In the world of service delivery, DevSecOps is the newest buzzword. More businesses are hopping on the DevOps bandwagon in the hopes of fixing their defective product delivery pipelines. In their haste to implement, organizations may sometimes fail with their DevSecOps initiatives.
Modern system design and development can benefit from a fail-fast culture. However, the phrase “fail fast” is usually associated with learning and growth. It’s just “fail” without that piece – the speed doesn’t really matter. This notion applies to DevSecOps, which, like DevOps, is based on a culture of constant improvement and learning. Businesses may not always do it right, and by making mistakes along the road, they will learn valuable lessons.
3 DevSecOps mistakes
Companies should be aware of the major pitfalls since it can hinder their DevSecOps strategy and perhaps cause more challenges than opportunities. Let’s take a look at the three common mistakes to avoid.
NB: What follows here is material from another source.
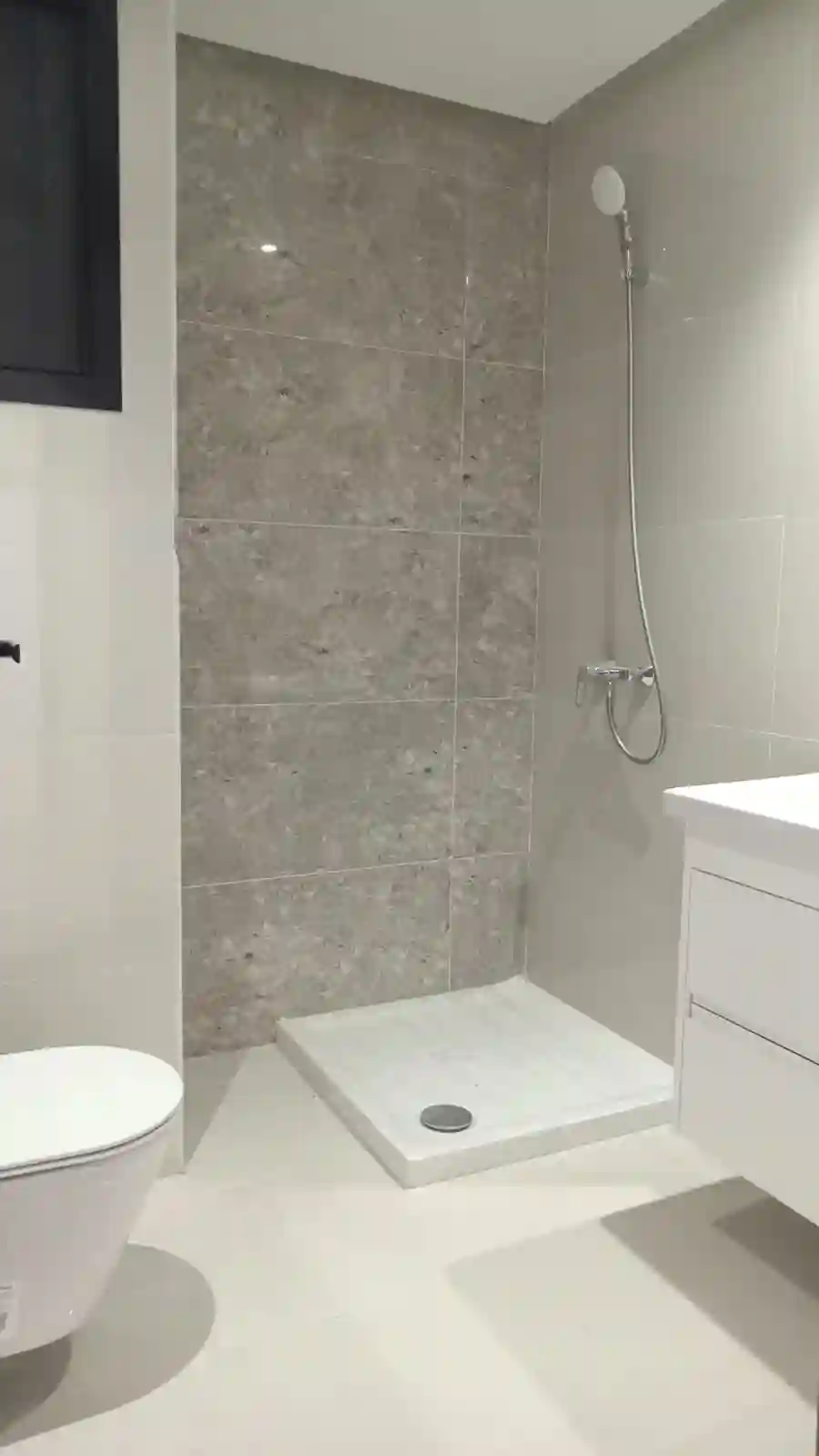 S Plus 2 Très Lumineux Jamais Habité à L'aouina à Ain Zaghouan - Vue 1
Companies are playing buzzword bingo
DevSecOps, like other cultural and philosophical shifts, is easier said than done. In general, security is vulnerable to buzzword bingo, a game in which companies use a lot of IT and business jargon in lieu of significant change. Businesses do not wish to fill this bingo card and declare themselves the winner, unlike the real game of chance. As an organization, talking about security openly and honestly is a generative practice for a healthy security culture.
There is a serious lack of commitment and resources
When it comes to execution, if companies are serious about DevSecOps, they should demonstrate a visible long-term commitment to make it work. There is work to be done, especially if businesses are transitioning from a more traditional model for IT operations, and even if firms are already performing DevOps and seeking to formalize the role of security in their organization.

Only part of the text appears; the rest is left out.